First Land Creatures Saw in Vivid Color

The first prehistoric fish that clambered onto land glimpsed its new world in full color and could even see wavelengths of light that our eyes can't, a new study suggests.

Scientists have found that the retinas of Australian lungfish (Neoceratodus forsteri) contain visual pigment genes that are more similar to those of tetrapods—four-legged land animals with backbones—than those of other fish. They also found evidence the fish can see in ultraviolet.

Australian lungfish are thought to be the closest surviving relatives of the first land animals. The "living fossils" have remained virtually unchanged since first appearing in the fossil record 135 million years ago. They still live in Australian rivers.

Helena Bailes of the University of Queensland in Australia and her colleagues analyzed the Australian lungfish DNA that codes for opsin, a visual pigment found in cone cells required for seeing in color. Comparing it to other creatures, they found that it more closely resembled the opsin of amphibians and reptiles than other fish.

"The visual system of N. forsteri may represent an evolutionary design most closely reflecting that present just prior to the emergence of land vertebrates in the Devonian Period," Bailes said.

The team also spotted four types of cone cells in the lungfish eyes, suggesting the fish can see in colors we humans can't. "From looking at the DNA sequence, they certainly have the potential to see in the [ultraviolet] range and further into the red range than humans," Bailes said.

Cones are light receptors in the eye that are sensitive to color, while "rods" are better at seeing in dim light.
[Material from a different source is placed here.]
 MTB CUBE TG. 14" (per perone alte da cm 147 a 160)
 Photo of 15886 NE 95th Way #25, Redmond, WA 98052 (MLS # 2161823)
Humans have three types of cone cells in their eyes: red, green, and blue. "That's why TVs are made of red, green and blue pixels," Bailes told LiveScience.

Color vision is good for increasing contrast between objects and could have been used by the first land-lubbing creatures to find prey or elude predators, Bailes said.

A past study by her team found that the eyes of lampreys, a jawless living fossil whose origins stretch further back than even the lungfish, also had cone visual pigments, suggesting these jawless, fully aquatic fish also could see in color.

"It's thought that color vision evolved in these lamprey fish, through the lungfish to land vertebrates," Bailes said.

The new findings are detailed online in the BMC Evolutionary Biology journal.